_EXERCISE PROMPT_
Restate the whole listing exactly.

_DATASET CONTENT_

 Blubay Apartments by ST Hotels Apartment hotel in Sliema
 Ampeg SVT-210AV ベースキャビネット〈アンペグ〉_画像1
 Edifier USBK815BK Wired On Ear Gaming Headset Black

_WRITTEN REPLY_
 Blubay Apartments by ST Hotels Apartment hotel in Sliema
 Ampeg SVT-210AV ベースキャビネット〈アンペグ〉_画像1
 Edifier USBK815BK Wired On Ear Gaming Headset Black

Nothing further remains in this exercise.